Having a father of Italian descent, I was introduced to the joys of food from a very young age. As my father frequently reminds me, “you were eating spaghetti at 3 months!”. Whether that is true or not, I cannot verify. Growing up, many of the delicious and interesting foods my brother and I were exposed to, were enjoyed around the summer holidays. We would have big platters of creamy cheeses with different meats like salami, prosciutto, and mortadella. Pasta, pizza, and bread was seldom bought from the store and our kitchen always smelt (and still does to this day) of freshly baked bread and Napoli sauce. Christmas in particular was a real treat, we would head down to the Italian shop and come home laden with Torrone, Panettone, Panforte, and many other Christmas sweets.
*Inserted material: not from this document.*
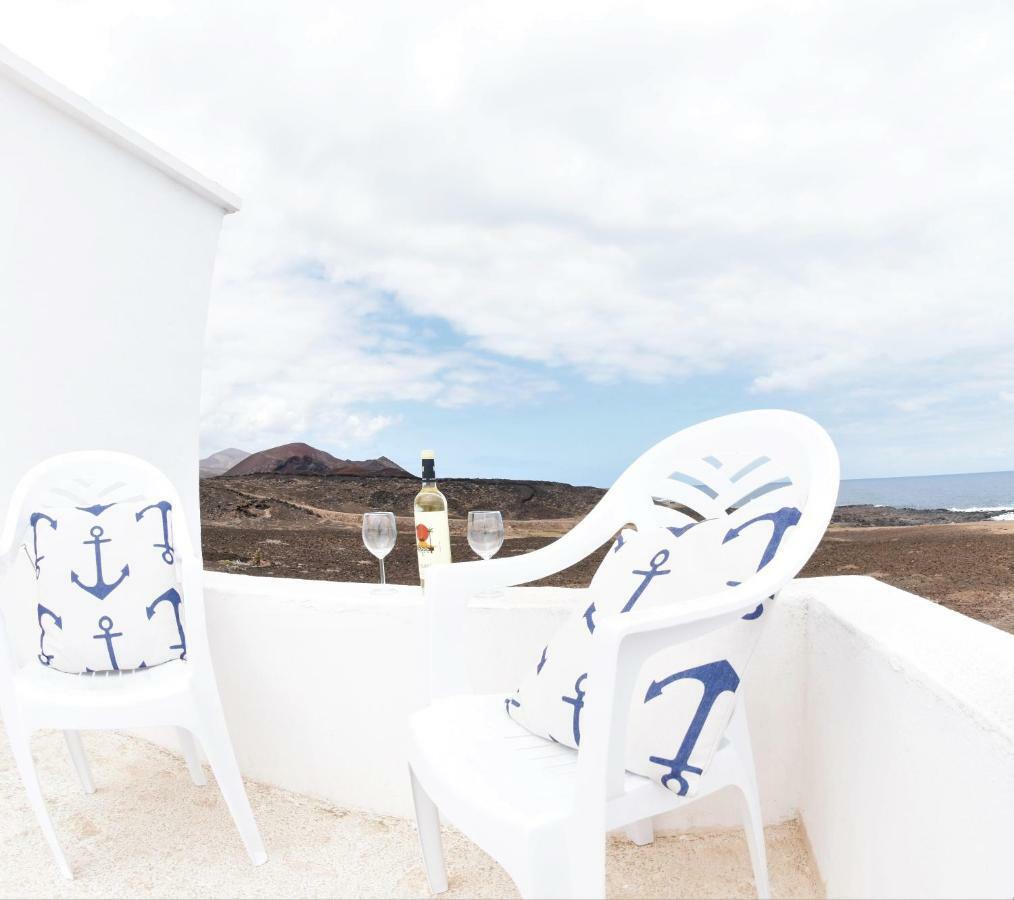 Casa Lajares Сasa de vacaciones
Whilst reminiscing about these holiday moments that were always filled with such delicious sights, smells, tastes, and happy sounds, I decided to host a Christmas party of my own – the Italian way. Many of my friends have never tasted (or heard of) these foods before, so it was really special to follow in my father’s footsteps and bring the same joy to my guests as he brought to me.
Italians rarely share their recipes, but you’re in luck, the more benevolent South African in me will be sharing the secret to a really great antipasti platter as well as an incredibly quick and easy bruschetta recipe. Try these dishes for your holiday parties or your next get together!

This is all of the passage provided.